The Cinderblocks

The Excerpt that Sparked Controversy

(Earlier today Neighbors North Editorial Staff decided to post the text which has ignited a firestorm in the Cinderblocks and neighboring community of Pleasant Arms.

Staff decided it was doing readers a disservice to post “Emma Goes Too Far,” which was critical of Cinderblocks’ resident Emma Mulberry’s reading from her Whole Story at Thursday’s It’s About Time reading, without actually posting the offensive text.)

Mom’s dead.  Dead, dead, dead.  Mom’s dead rattles around in my head. Mom’s dead hangs over our bowed heads, bumps into the pink roses waterfalling off the coffin, and streaks through Immaculate’s stained glass windows.  Mom’s dead squeezes through the vacuum cleaner pipe and slides out the FLOORS WALLS attachment and sails out through the jagged-edged hole in the floor-to-ceiling picture window.  Mom’s dead floats into the cedar tree in our back yard and dances around the knife in Petra’s bony fingers and skates the greasy rim of the fish plate.  Mom’s dead blows up into a giant pink bubble gum bubble and traps us inside.

Johnny’s lucky.  He has the Army to go back to.  We have nowhere to go except our house, with the boarded-up hole where the living room window used to be.
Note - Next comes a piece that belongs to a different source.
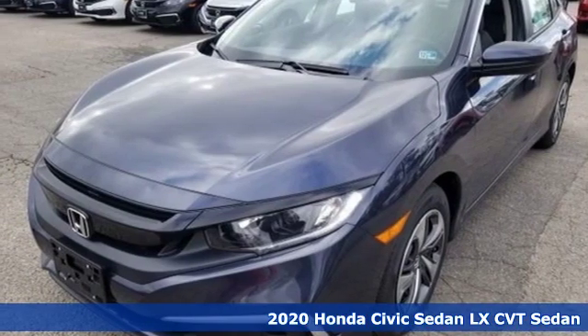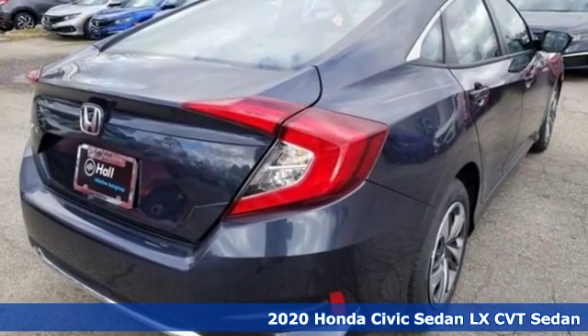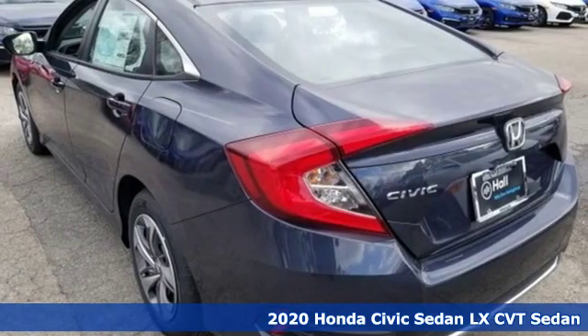Here's a new 2020 Honda Civic Sedan. Get more mileage out of every drive with this Civic. You'll look forward to every drive with features like these.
Johnny is the one I used to worry over—him and his bad influence friends and what trouble they would get into next.  Now, with their JC Penney polyester suits on, you can’t tell Roger and Big Oatmeal and Greasy used to be troublemakers.
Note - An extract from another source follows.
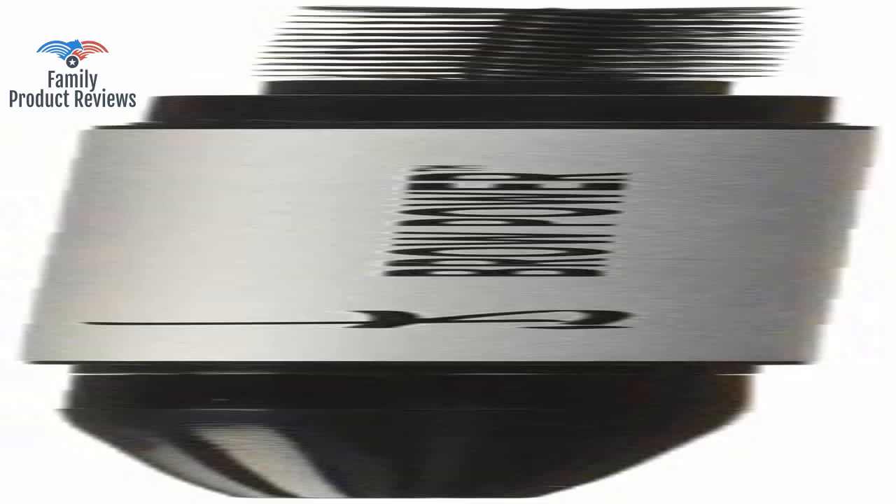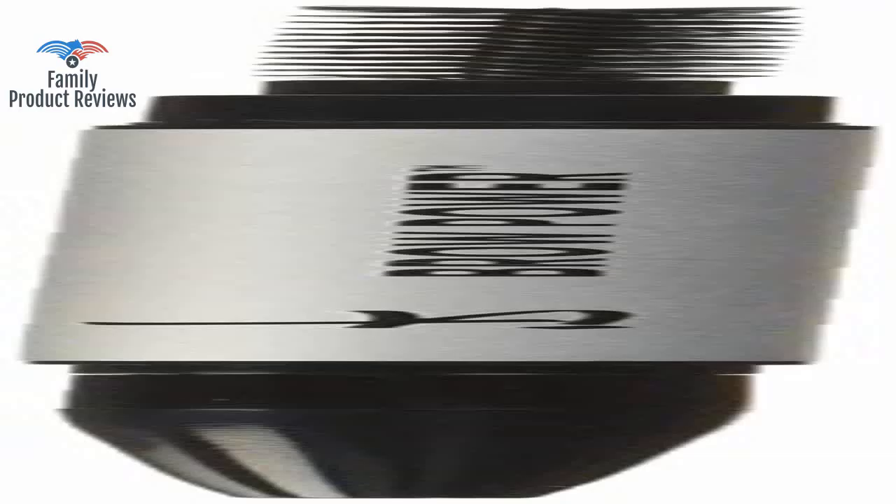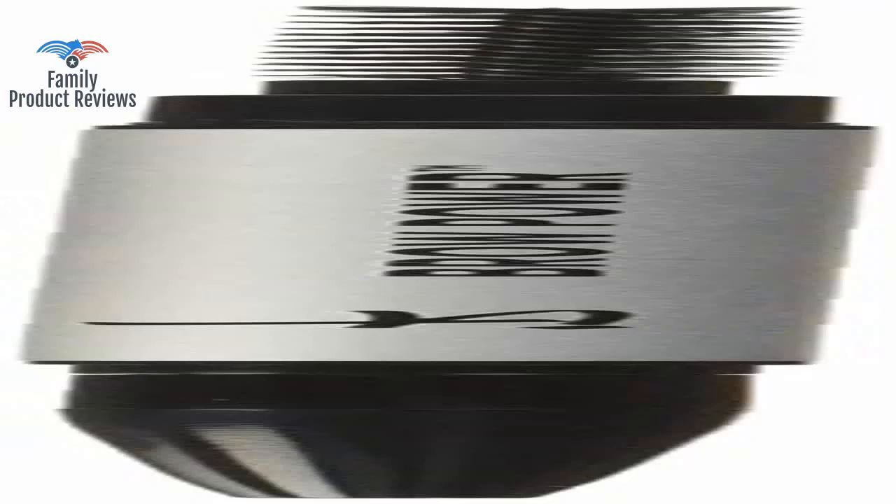It seemed to be different than other pencils — easier to apply and stayed on longer. It's great. I've had difficulty trying to find a color that fits without looking made up. If you have super blonde brows or black brows, this may not work for you, as it may be too light for black brows and too dark for super blonde brows.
Everything they did was a joke—the pot parties, skipping school, growing marijuana—but as soon as Mom and Dad found out about Petra and Jim it was no laughing matter.  Mom and Dad had to drag us to Holiday Island and make us prisoners.  But if Petra had just gone for Greasy, instead of Jim, Mom and Dad wouldn’t have cared.  Petra and Greasy could have made out all they wanted.  They could have gone on dates and Greasy would have been welcome eating dinner with us and going with us on weekends.  Greasy was allowable.
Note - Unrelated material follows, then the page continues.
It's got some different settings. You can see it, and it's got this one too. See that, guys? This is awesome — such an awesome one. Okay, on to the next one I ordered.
Father Donnahey goes on and on, praying to the saints.

I think backward and forward, imagining Mom alive and imagining how she’s going to keep getting deader, like the cow that floated onto Holiday Island the summer before last.  It had been dead a long time, with smells and flies buzzing around it.  The crows took what they could peck and flies circled it and fly larvae set up house in it.  The cow bloated up bigger and bigger, its stomach ballooned and stretched thin as plastic wrap.  Every second a little more air crept in and a little more life crept out.  All that was left after a while were its stinky cow bones with pinprick holes.  The cow was too dead to imagine it being alive.  But I can still imagine Mom alive.

Forward her deadening happens, but backward her living happened.  How can a person go from alive and living to dead and never coming back? Oh, God! Give me Mom back.  I promise not to fight with her ever again.

I feel so small, so tiny, tiny, tiny small.  I want to tell Mom I’m sorry and that I love her and it’s too late.  Only the deadening can happen now.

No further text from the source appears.